A estas niñas, hoy hermosas y queridas abuelitas, como Fernanda, Carmen María, Luz María, las dos Cecilias, Margarita y Virginia, las sigo llamando hermanas. Mi otra gran hermana es mi prima Lucero, hija de Aurelio Miró Quesada Sosa, que fue director de este Diario y rector de la Universidad Nacional Mayor de San Marcos, además de abuelo de nuestro actual y joven director.
Con estas amiguitas jugaba a las muñecas, sin ningún complejo o prejuicio por esa antigua creencia dominante que reza que solo las niñas pueden jugar con muñecas. Pero como dice el filósofo español José Ortega y Gasset, “uno es uno y su circunstancia”. Y mi circunstancia era estar rodeado de niñas. Hasta que entré al colegio Inmaculado Corazón, donde hice muchos amiguitos y cambiaron los juegos, pues de jugar con muñecas pasé a jugar al fútbol y a la guerra, a los ladrones y celadores (donde los celadores buenos intentaban atrapar a los ladrones malos) y otros juegos que, a diferencia de ahora, entonces solo eran para ‘machitos’.
Desde niños o niñas, nos inculcaron unas ideas que son falsas y que deforman la realidad. Pura ideología en el sentido cultural.
Muchas veces me he preguntado dónde nació esa costumbre de celebrar el cumpleaños o el santo, como también se le conoce en algunos lugares.
Así, investigué un poco sobre esta celebración del onomástico, palabra que tiene muchos significados y que viene del griego ‘onomastikós’ y ‘onomastiké’, y quiere decir “el arte de nombrar”, pero también, como dice el DLE, “día en que la persona celebra su santo”.
La mayoría de historiadores coincide en que esta celebración se inició hace unos 3.000 años en Egipto. Pero los egipcios no celebraban el día de su nacimiento, sino que la fecha de su onomástico se contaba a partir del día en que nacía el faraón. En Babilonia, y luego en Grecia, las personas celebraban a sus deidades a las que había que servir una torta. Esta debía tener forma de Luna, pero, además, los griegos le ponían unos cirios que debían consumirse. Entonces estaba prohibido soplarlos, como hacemos ahora con las velitas. Es fácil poner unas seis velas y luego apagarlas de un soplido, pero reto al lector que haga lo mismo con 74 de ellas.

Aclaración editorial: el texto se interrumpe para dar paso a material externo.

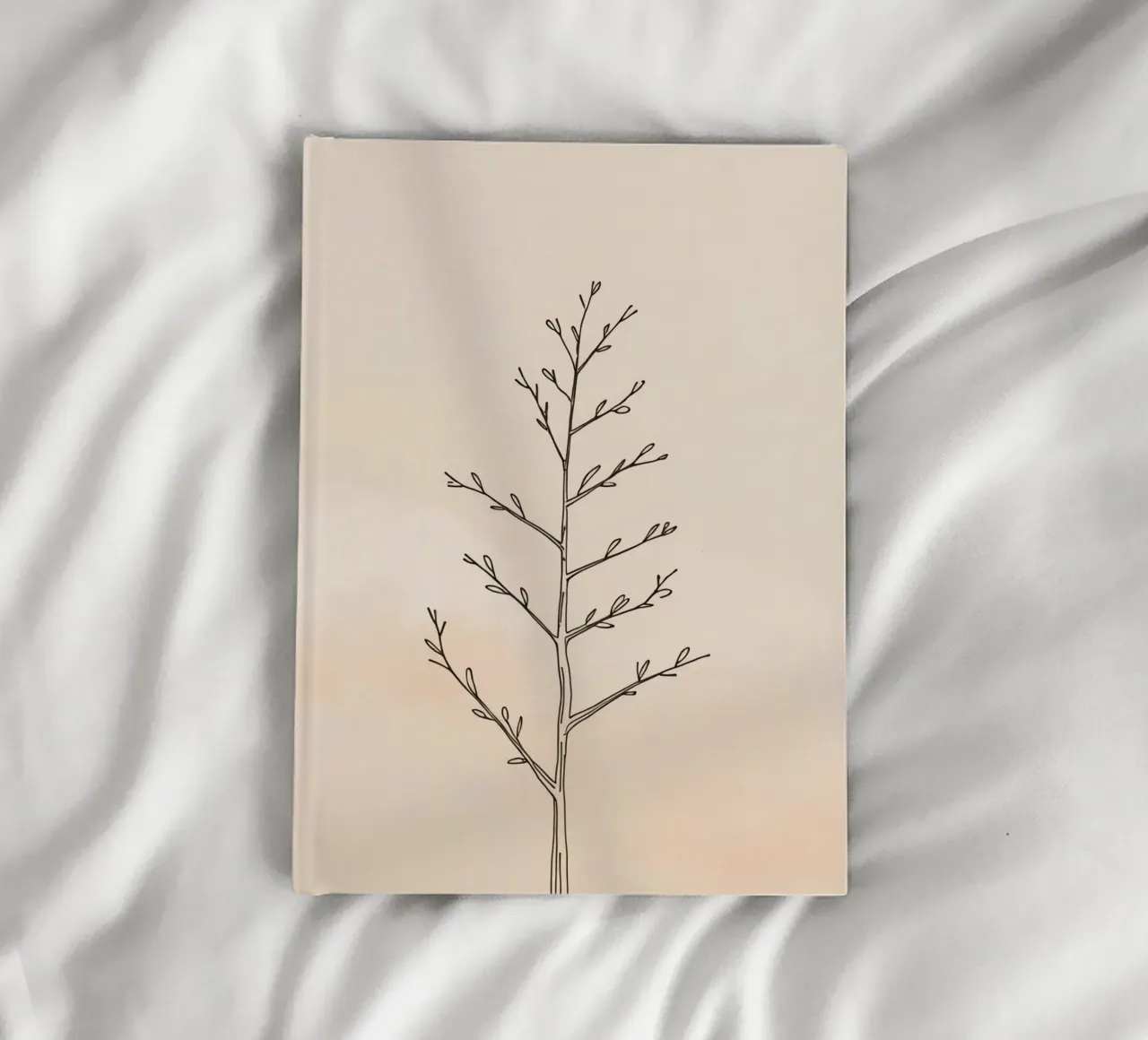 Simple sketched tree against a light background notebook by DesignDoodle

Como se trataba de una celebración pagana, esta no fue bien vista por los antiguos cristianos, que solo celebraban la muerte de Jesús. Posteriormente, a partir de la cristianización del Imperio Romano por obra de Constantino El Grande y del Papa Julio I, la situación se fue flexibilizando, lo que permitió que uno, si quería, pudiera celebrar el día de su nacimiento. Personalmente, creo que uno no celebra cuántos años tiene, sino el día en el que nació.
Casi siempre he pasado mi cumpleaños en época estival, pero también lo he pasado bajo fuertes inviernos en Nueva York, dos veces en París y una en Budapest. En esta última ciudad, una cocinera de nacionalidad rumana que trabajaba para nuestra embajada a cargo de mi íntimo amigo, el embajador Guillermo Russo, hizo una gigantesca torta que tardó una semana en consumirse.

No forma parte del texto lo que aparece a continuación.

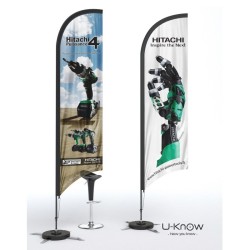 Drapeau de plage 3,50 mètres / Oriflamme / Voile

Pero falta algo también importante: el regalo. Yo le voy a pedir a César Acuña un regalo. Que sea magnánimo más que magnate. Que tenga grandeza y elevación de espíritu. Y que, en consecuencia, retire su denuncia contra los periodistas Christopher Acosta y Jerónimo Pimentel. Así, pasaría a la historia por su respeto hacia la libertad de expresión y no como un censor y perseguidor de esta.
Finalmente, quiero decir que durante los 43 años que trabajé en El Comercio pasé por muchas situaciones, buenas, regulares y malas, pero nunca me imaginé que en el día de mi cumpleaños me tocaría escribir un artículo. Por eso, estas breves reflexiones sobre el cumpleaños.